GIVEN ENTRIES
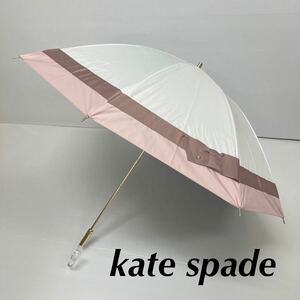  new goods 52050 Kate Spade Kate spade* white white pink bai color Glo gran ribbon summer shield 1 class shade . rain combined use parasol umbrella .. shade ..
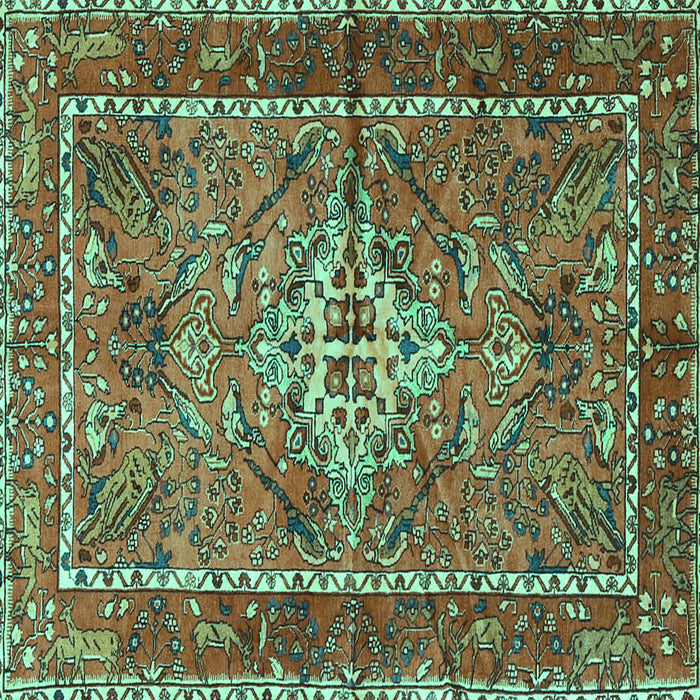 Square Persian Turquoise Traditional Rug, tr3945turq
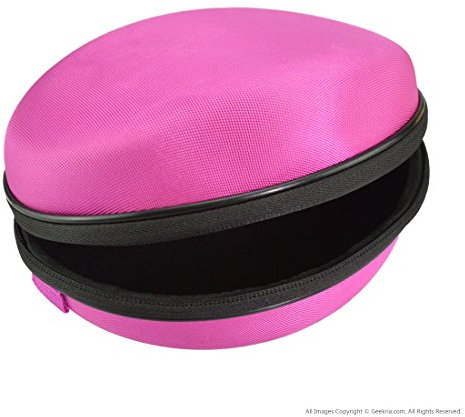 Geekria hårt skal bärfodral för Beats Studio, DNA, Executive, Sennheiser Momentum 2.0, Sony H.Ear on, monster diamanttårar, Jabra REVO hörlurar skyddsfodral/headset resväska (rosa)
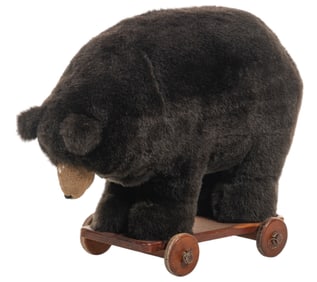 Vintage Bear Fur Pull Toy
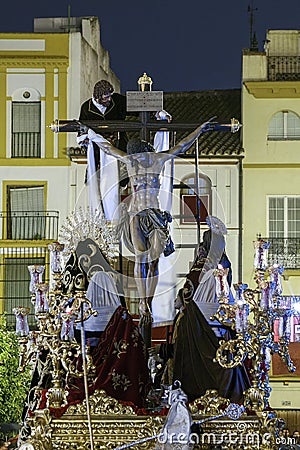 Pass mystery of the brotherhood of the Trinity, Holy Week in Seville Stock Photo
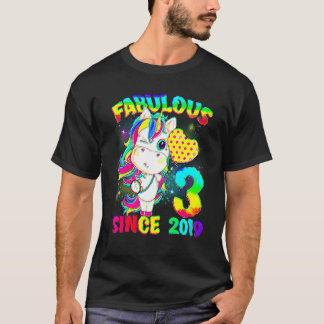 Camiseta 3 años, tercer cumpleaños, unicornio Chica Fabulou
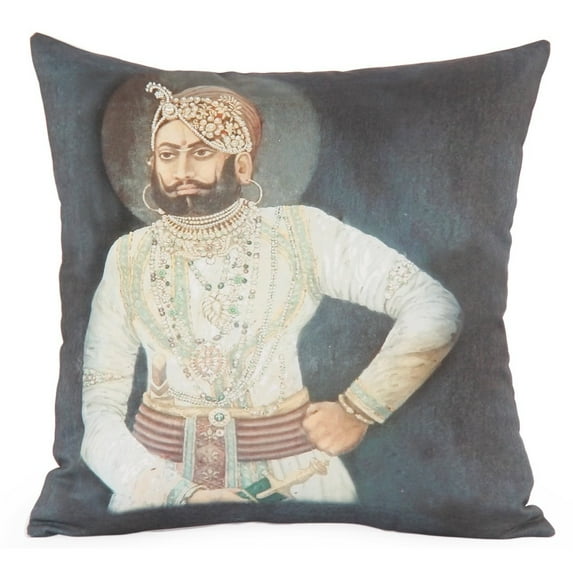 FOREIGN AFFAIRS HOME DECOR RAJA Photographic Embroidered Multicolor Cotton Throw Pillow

---

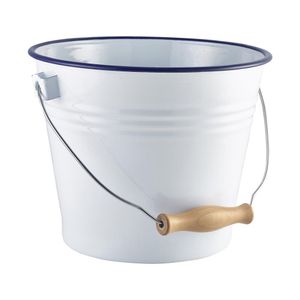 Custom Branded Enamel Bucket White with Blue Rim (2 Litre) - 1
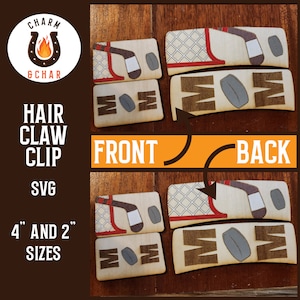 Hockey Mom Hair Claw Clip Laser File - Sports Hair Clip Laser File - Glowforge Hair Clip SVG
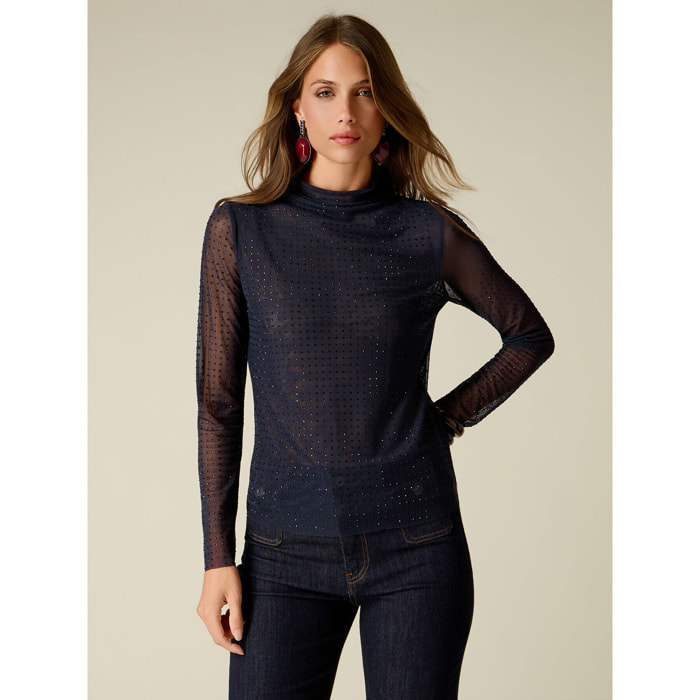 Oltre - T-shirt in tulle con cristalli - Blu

TASK DESCRIPTION
What do the entries above read from the line containing "Hockey Mom Hair" through the line containing "Oltre - T-shirt in tulle con cristalli - Blu"? Output those lines exactly, both ends included, with the pictures left out.

RESULT
 Hockey Mom Hair Claw Clip Laser File - Sports Hair Clip Laser File - Glowforge Hair Clip SVG
 Oltre - T-shirt in tulle con cristalli - Blu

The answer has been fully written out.